Dataset excerpts
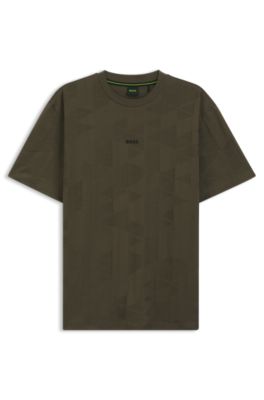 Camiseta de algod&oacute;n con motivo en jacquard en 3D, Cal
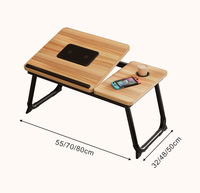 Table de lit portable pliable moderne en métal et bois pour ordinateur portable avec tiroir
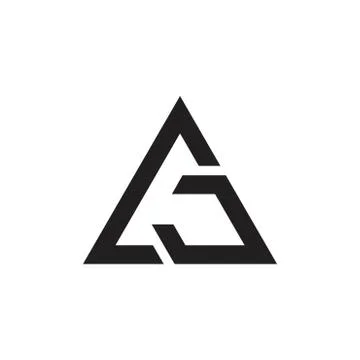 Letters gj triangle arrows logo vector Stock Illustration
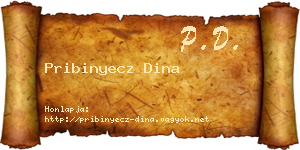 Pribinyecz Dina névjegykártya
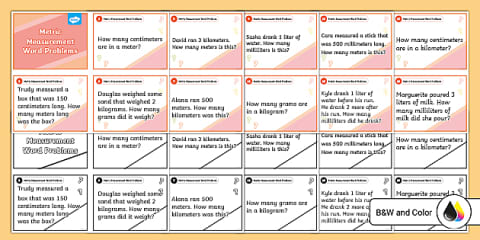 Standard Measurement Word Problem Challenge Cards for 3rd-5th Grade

...

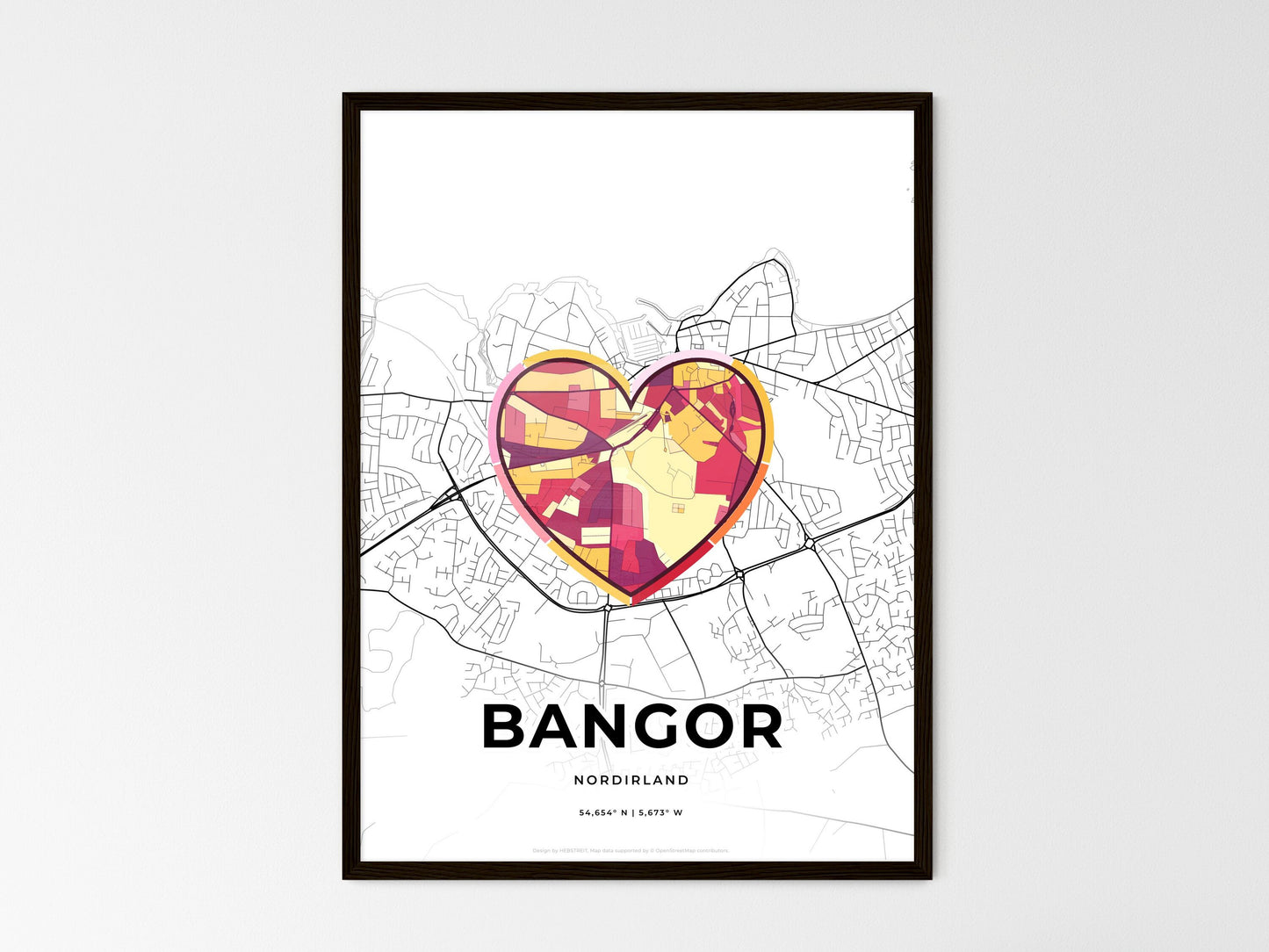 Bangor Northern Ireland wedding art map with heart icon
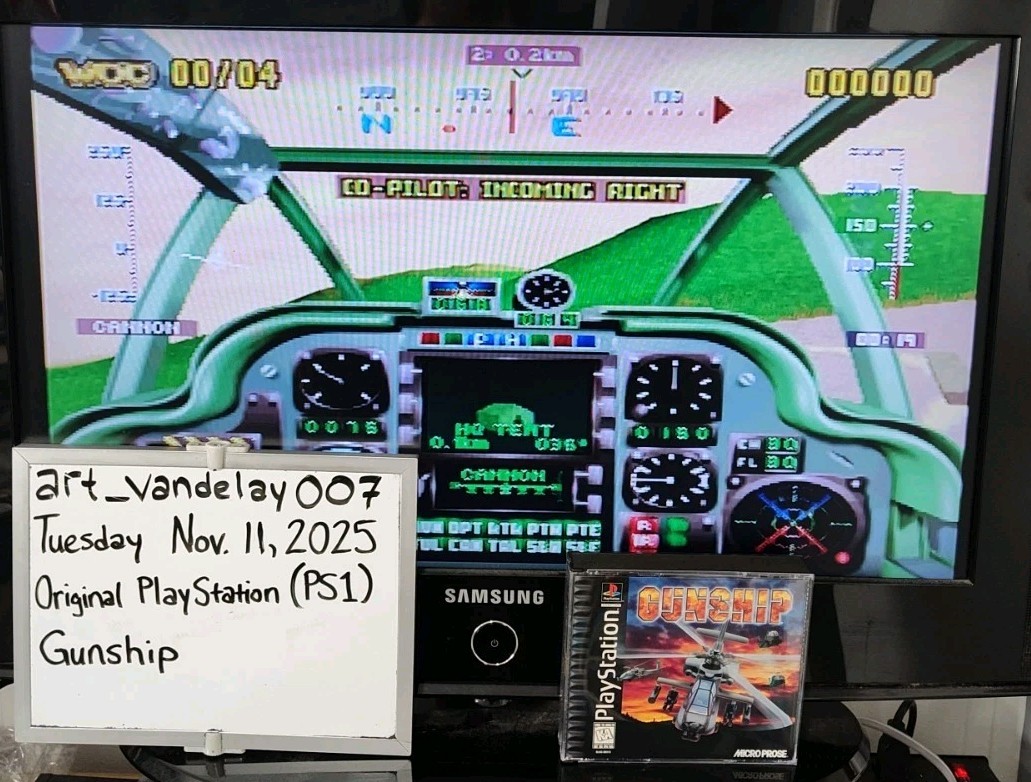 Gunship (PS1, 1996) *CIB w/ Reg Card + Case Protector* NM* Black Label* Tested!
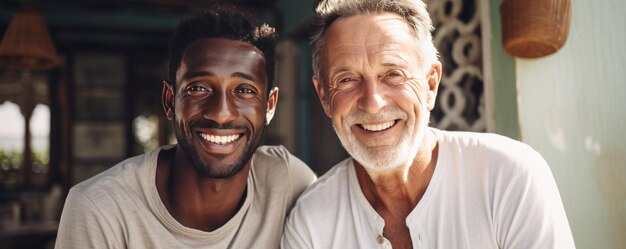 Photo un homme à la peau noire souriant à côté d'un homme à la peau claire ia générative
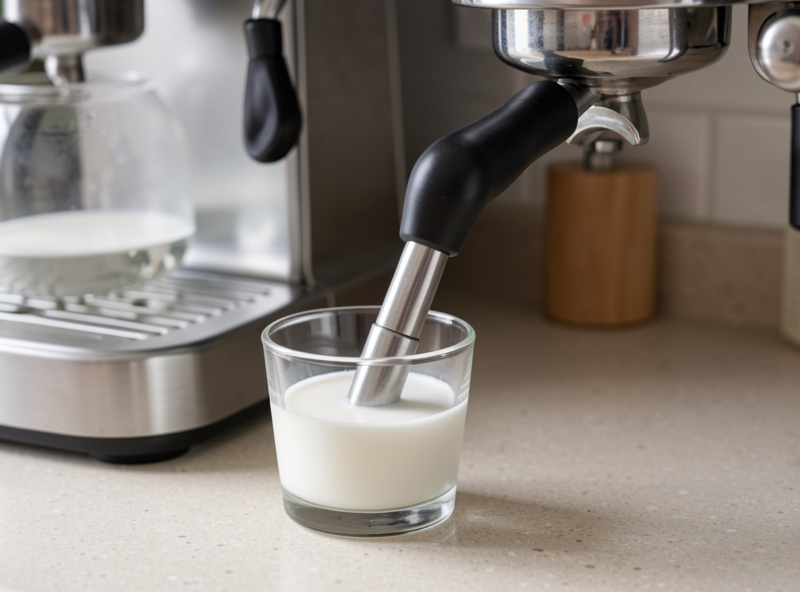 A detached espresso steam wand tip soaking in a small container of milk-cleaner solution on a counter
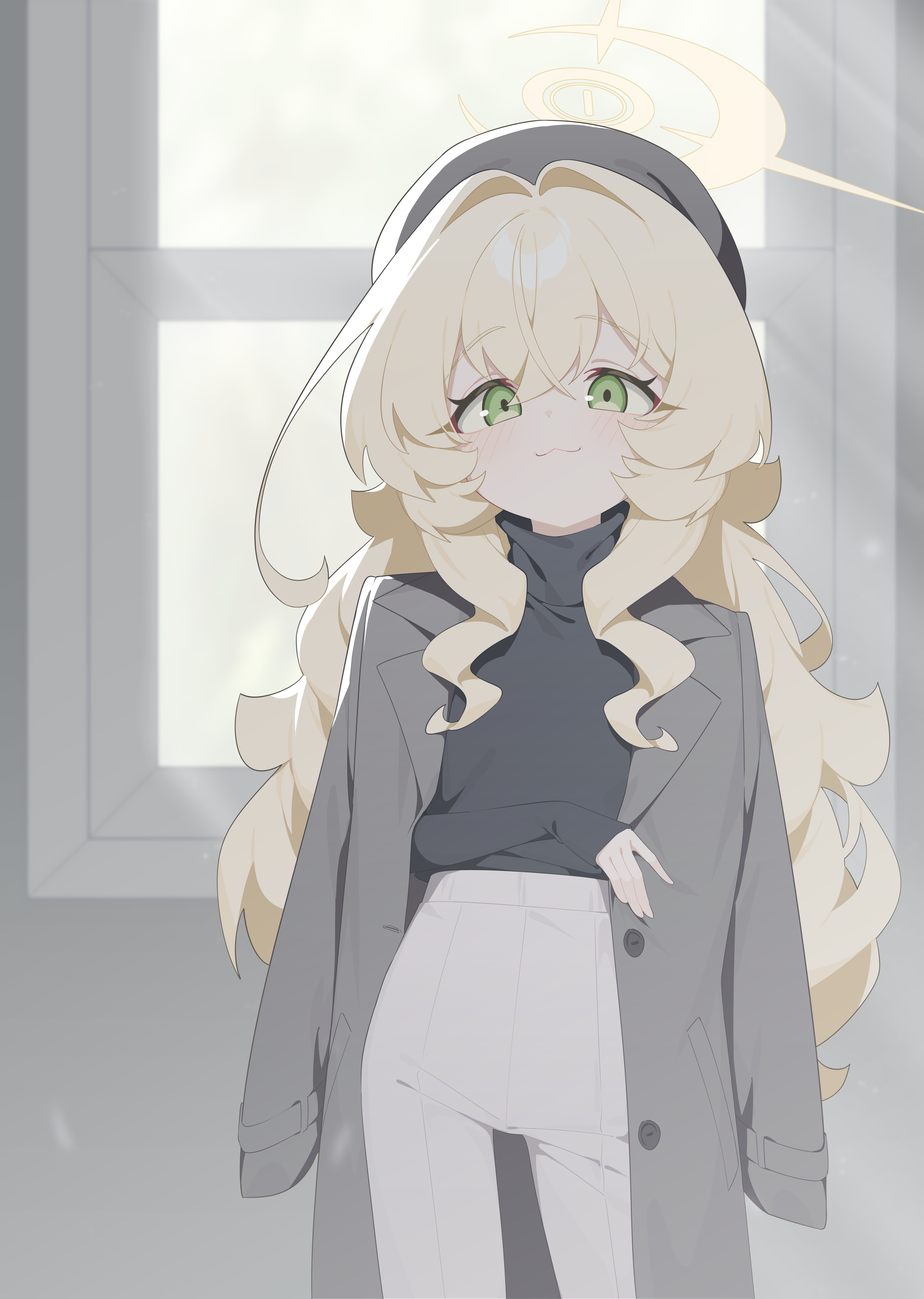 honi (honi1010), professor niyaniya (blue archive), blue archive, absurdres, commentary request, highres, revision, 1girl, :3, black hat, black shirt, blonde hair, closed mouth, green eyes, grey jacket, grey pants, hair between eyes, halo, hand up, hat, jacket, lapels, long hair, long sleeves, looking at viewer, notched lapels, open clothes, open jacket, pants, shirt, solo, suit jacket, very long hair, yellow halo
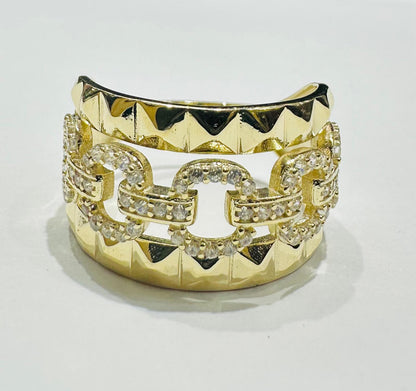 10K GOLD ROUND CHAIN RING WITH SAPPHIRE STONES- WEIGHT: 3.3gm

● TASK GOAL: Above are records; repeat only the lines from the line with "Camiseta de algod&oacute;n" through the line with "Standard Measurement Word", and leave pictures out.

● ANSWER SECTION:
 Camiseta de algod&oacute;n con motivo en jacquard en 3D, Cal
 Table de lit portable pliable moderne en métal et bois pour ordinateur portable avec tiroir
 Letters gj triangle arrows logo vector Stock Illustration
 Pribinyecz Dina névjegykártya
 Standard Measurement Word Problem Challenge Cards for 3rd-5th Grade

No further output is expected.